Comme historien, comme Français, comme chrétien, je ne prends parti ni pour les uns ni pour les autres; j’ai toujours éprouvé une sympathie spontanée pour les Israéliens, leur énergie, leur courage, leur créativité. Sympathie tempérée par cette rudesse que j’ai constatée à chacun de mes séjours dans ce qui est pour moi d’abord la “Terre Sainte” où Jésus a vécu, rudesse, disais-je, de l’Etat d’Israël envers mes frères chrétiens – y compris quand ils ont un passeport israélien.

Quand je pense à la Terre Sainte, me revient souvent en mémoire, le visage d’Abu Georges, le chauffeur chrétien arabe, habitant Nazareth, qui conduisait le bus de notre petit groupe de pélerins, en 1989. J’ai rarement croisé un être d’une telle étoffe humaine, Depuis 1989, je suis souvent retourné en Israël, la plupart du temps pour des raisons professionnelles.

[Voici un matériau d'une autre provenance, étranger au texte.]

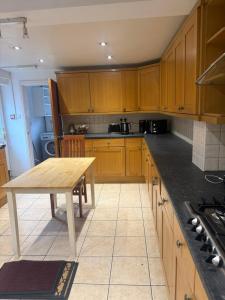 a kitchen with wooden cabinets and a wooden table at Near city centre, Derby train station and royal Derby hospital in Derby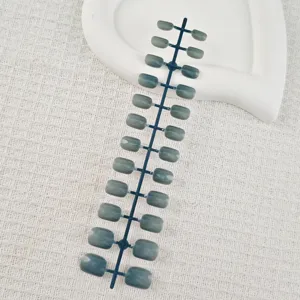 Detail view of short square false nails with cat eye grey green finish on strip holder.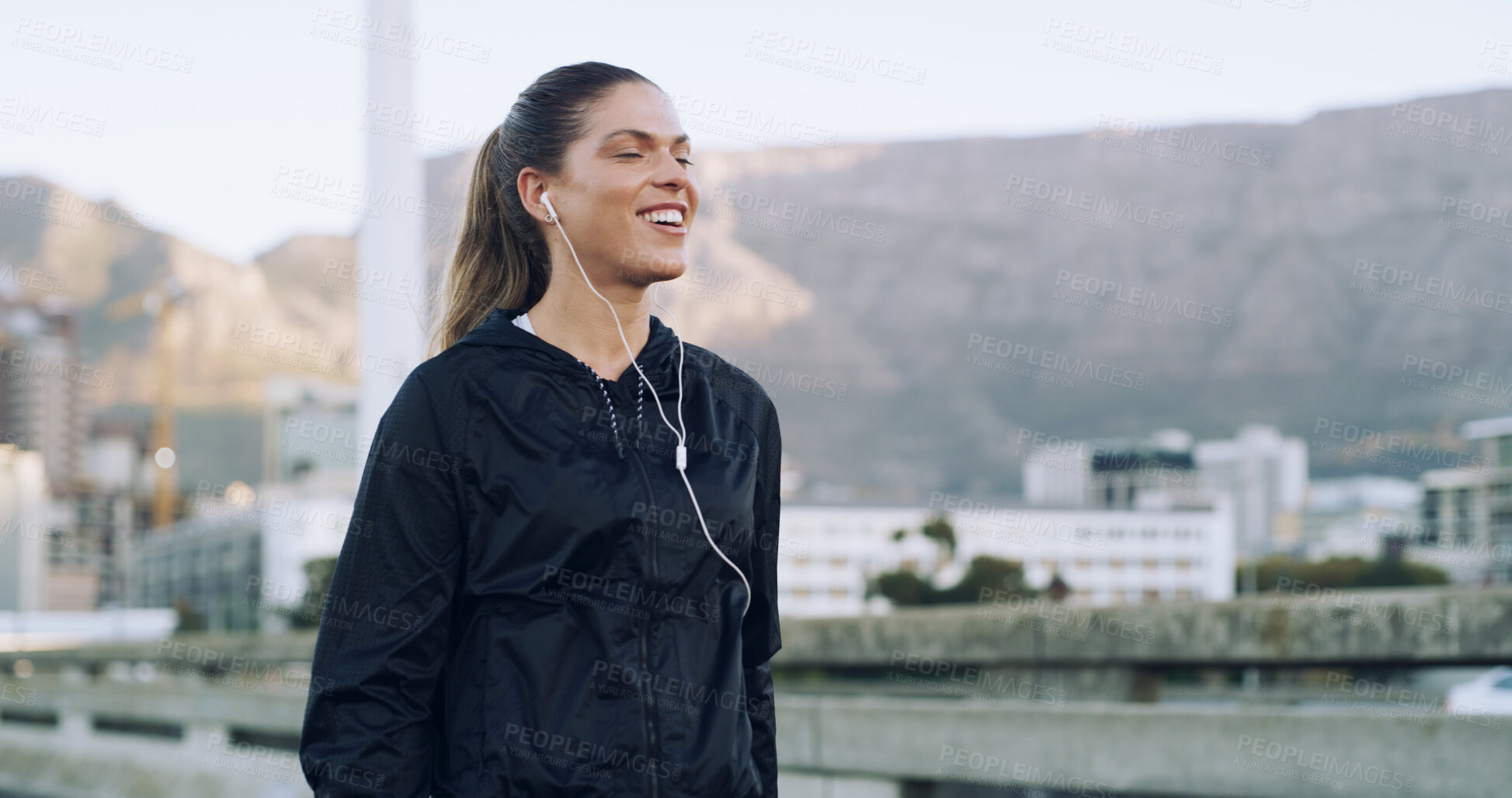Buy stock photo Smile, music and runner with woman in city for workout playlist, streaming service and health. Exercise podcast, audio subscription and wellness radio with person and earphones outdoor for sound
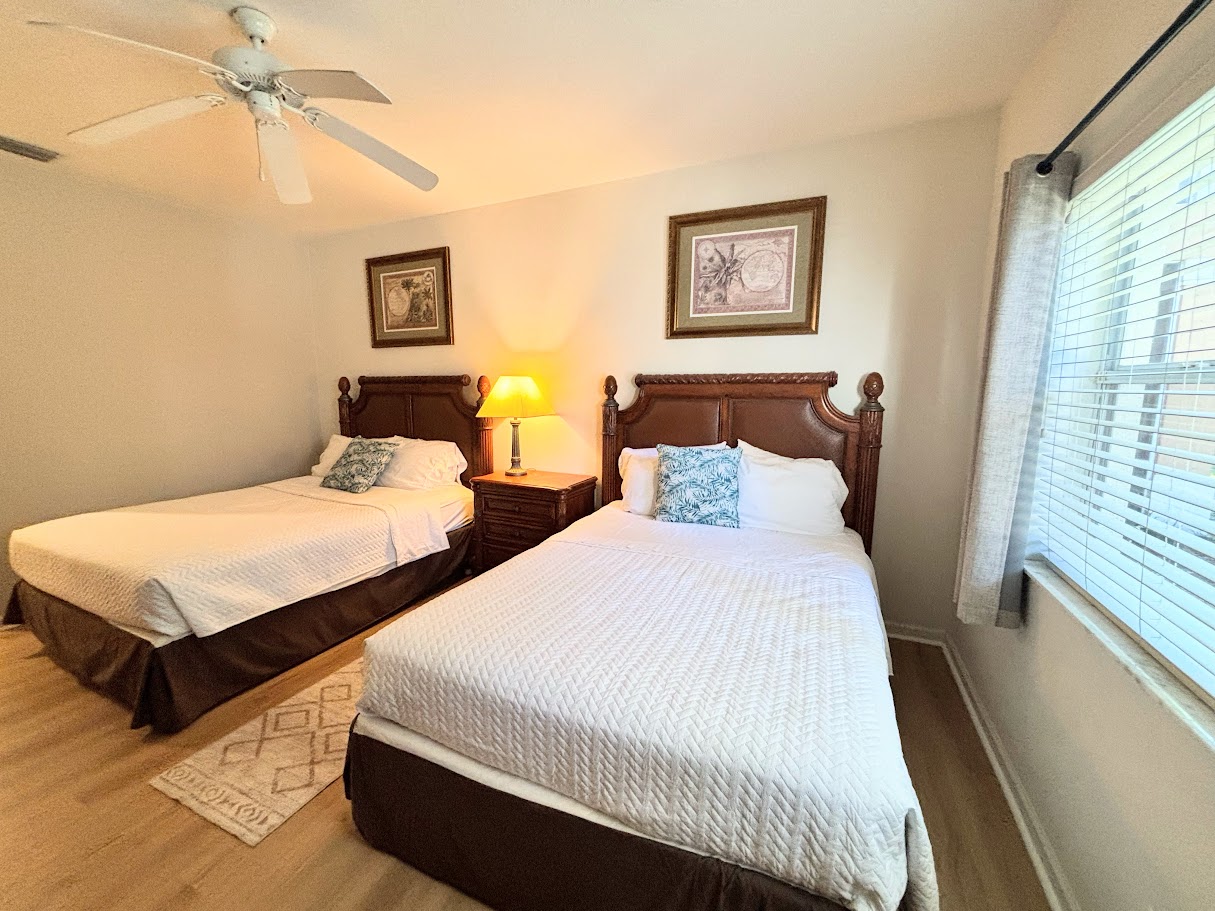 Bright bedroom with two comfortable beds, bedside lighting, and neutral decor.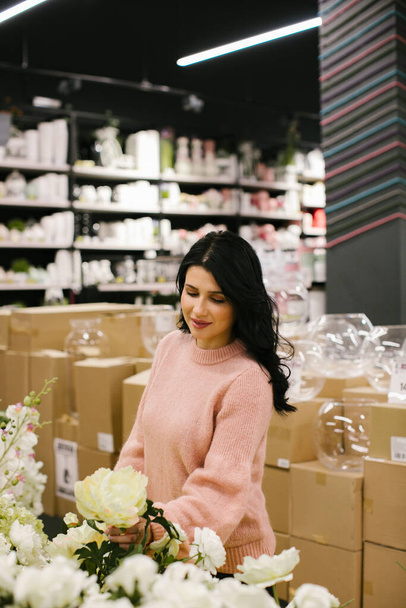 A young brunette woman in a pink sweater buys artificial flowers for the interior in the store. - Foto, afbeelding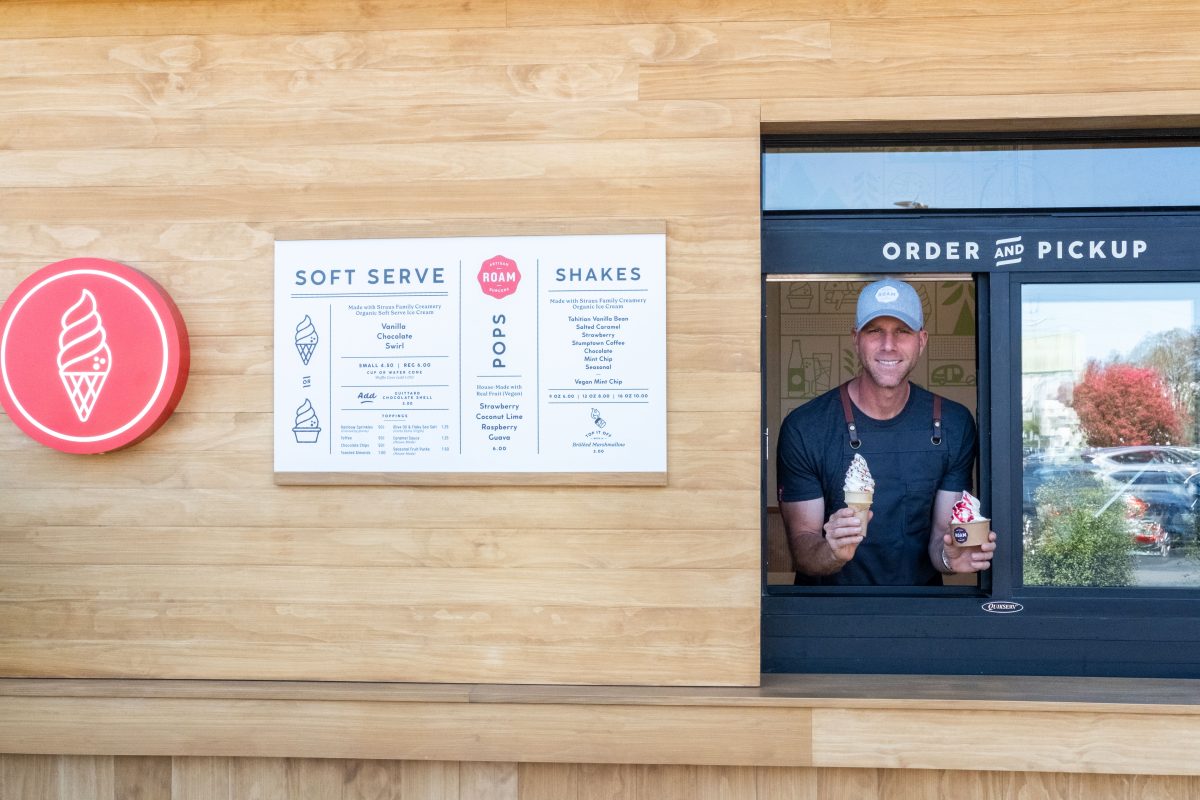 Showing off delicious soft serve, co-founder Joshua Spiegelman stands at the pick-up window.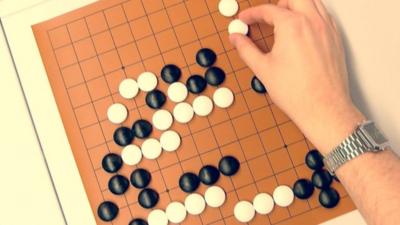 A man playing Go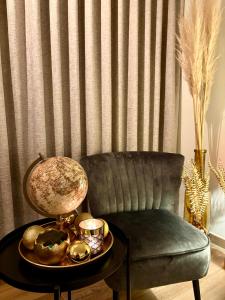 a living room with a chair and a table with a lamp at Modern luxurious suite in new private apartment building by the river in Harelbeke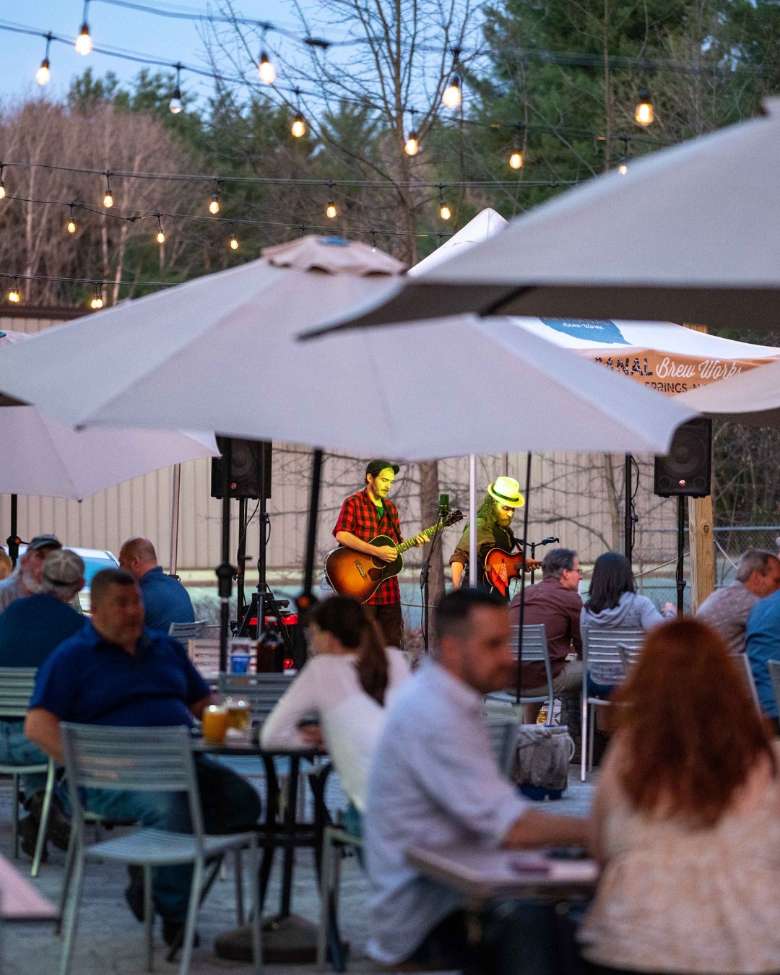 a band playing for a crowd on a patio.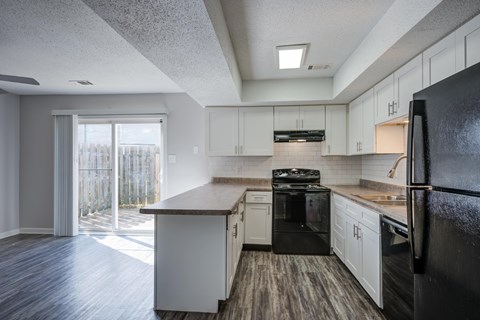 A kitchen with black appliances and white cabinets.
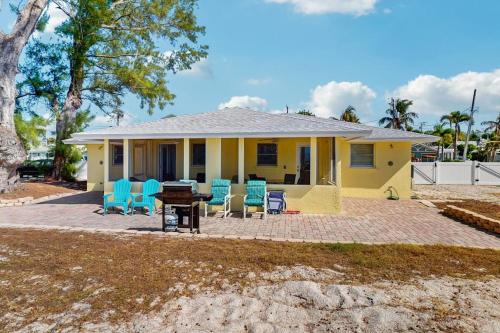 a yellow house with blue chairs and a table at Playa Casanas North in Holmes Beach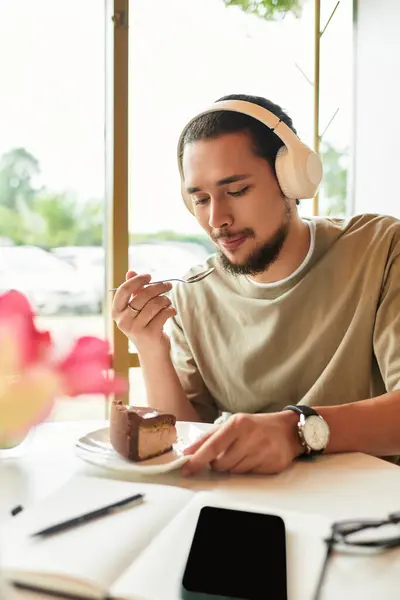 Young man indulges in cake and matcha while relaxing in cafe setting. — Stock Photo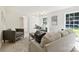 Sunlit living room features hardwood floors, neutral furniture, and ample natural light, highlighting its cozy and modern design at 811 Ashmeade Rd, Charlotte, NC 28211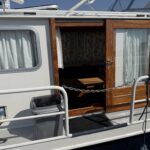 Vedette hollandaise Smelne 1140 Dreamflower (1985) – porte latérale et passavant tribord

J’ai toujours pris du temps pour écouter où en était le pays. J’y ai croisé des chrétiens, Arabes, presque toujours frustrés, en colère, déçus que l’Etat dont ils ont le passeport les soupçonne d’être déloyaux parce que Palestiniens.

Les chrétiens sont minoritaires au Proche-Orient. Mais ils sont le révélateur, la pierre de touche des pensées profondes. Les Etats-Unis d’Amérique, puissance qui ne se prive pas d’invoquer le Dieu des chrétiens, par leurs guerres atroces, ont conduit à ce que le nombre de chrétiens d’Irak soit divisé par dix en trente ans, passant de 1,5 million à 150 000. Partout, les guerres ont fait fuir les chrétiens:80% des Libanais qui vivent hors de leur pays sont des chrétiens.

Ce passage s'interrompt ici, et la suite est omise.